Plebe Summer begins at the end of June with Induction Day or "I-Day". On I-Day, all the candidates say goodbye to their families. Upon entering Alumni Hall, they are greeted by hand-picked upper-class midshipmen, known as Detailers, who are responsible for molding the incoming civilian plebes into disciplined members of the Brigade of Midshipmen. Each plebe is assigned a six-digit Alpha Number, the identifying serial number that they will use for the rest of their Academy career.

The plebes then line up throughout Alumni Hall to receive standard issue gear which includes several uniforms, combat boots, running sneakers and a copy of Reef Points, a 300-page handbook containing required knowledge that all plebes must memorize over the course of the summer. All the male plebes have their hair shaved off by Navy barbers. All female plebes are required to wear their hair in a tight bun, or may receive an optional haircut above their chin.

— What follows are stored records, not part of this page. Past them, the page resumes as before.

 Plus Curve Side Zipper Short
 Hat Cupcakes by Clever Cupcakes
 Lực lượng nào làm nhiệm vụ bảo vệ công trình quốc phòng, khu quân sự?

Plebes are next put through a series of medical examinations and vaccinations, and afterwards learn the proper technique for saluting. During this time, the parents of the plebes are given a glimpse of the summer that their son or daughters will be going through in the form of a presentation by an administrator of the Academy. After the plebes are finished inside Alumni Hall, they move to Bancroft Hall, which will be their home for the next four years.

They are divided into 18 different companies, Alpha through Sierra (there is no Juliet or "J" company in the U.S. Military). The companies are not changed for the entire summer and compete against each other for performance points. Each Company is divided into two platoons of approximately 32 plebes each. Each platoon is divided into 4 squads of approximately 8 plebes. The final public portion of Induction Day is the "Oath of Office" Ceremony which occurs at 1800 (6 pm).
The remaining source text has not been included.